- [TASK INSTRUCTIONS] Report only how many lines below include "Avenue".
== Segment start ==
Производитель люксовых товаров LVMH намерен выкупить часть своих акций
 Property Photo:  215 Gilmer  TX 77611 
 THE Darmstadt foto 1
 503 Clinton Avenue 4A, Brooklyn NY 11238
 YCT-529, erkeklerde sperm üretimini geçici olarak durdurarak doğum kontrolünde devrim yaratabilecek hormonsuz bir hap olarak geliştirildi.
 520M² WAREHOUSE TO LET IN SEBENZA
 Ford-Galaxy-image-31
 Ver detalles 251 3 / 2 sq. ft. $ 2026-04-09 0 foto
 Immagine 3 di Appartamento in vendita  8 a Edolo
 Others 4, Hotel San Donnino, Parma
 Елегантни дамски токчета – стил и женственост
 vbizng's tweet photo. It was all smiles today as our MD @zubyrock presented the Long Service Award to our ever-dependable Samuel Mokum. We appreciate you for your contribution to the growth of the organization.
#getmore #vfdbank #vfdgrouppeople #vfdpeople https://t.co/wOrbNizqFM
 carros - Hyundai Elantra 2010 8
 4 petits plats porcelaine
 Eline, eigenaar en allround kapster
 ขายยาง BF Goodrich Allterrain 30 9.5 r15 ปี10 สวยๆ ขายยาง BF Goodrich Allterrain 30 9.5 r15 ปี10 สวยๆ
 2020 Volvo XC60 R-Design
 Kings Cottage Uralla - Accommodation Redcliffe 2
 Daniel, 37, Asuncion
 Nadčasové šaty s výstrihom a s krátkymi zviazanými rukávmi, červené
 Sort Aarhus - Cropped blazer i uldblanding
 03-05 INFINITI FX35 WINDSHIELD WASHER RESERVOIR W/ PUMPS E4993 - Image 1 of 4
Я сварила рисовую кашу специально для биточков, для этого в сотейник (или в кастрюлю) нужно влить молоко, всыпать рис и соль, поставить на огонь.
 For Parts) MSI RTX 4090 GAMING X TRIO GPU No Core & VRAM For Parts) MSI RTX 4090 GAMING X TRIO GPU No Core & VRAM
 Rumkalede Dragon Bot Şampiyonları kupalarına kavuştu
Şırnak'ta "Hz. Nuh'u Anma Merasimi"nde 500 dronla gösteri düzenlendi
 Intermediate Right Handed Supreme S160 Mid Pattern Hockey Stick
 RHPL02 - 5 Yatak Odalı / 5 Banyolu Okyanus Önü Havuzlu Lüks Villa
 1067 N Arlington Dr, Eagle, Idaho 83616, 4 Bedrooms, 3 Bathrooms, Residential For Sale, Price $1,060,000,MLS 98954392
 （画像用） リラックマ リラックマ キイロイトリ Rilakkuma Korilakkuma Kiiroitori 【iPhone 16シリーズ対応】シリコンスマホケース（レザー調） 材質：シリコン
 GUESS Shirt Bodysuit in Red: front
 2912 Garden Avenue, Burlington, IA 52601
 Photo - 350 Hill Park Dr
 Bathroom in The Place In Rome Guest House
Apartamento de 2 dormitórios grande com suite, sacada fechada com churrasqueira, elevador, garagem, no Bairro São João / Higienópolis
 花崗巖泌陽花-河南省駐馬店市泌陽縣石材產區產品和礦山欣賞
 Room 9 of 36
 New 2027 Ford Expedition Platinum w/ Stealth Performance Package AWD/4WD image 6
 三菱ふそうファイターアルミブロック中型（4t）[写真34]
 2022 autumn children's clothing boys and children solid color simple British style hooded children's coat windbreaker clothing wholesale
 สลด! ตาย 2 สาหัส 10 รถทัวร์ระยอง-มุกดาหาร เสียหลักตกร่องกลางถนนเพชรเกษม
== Segment end ==
- [TASK ANSWER] 2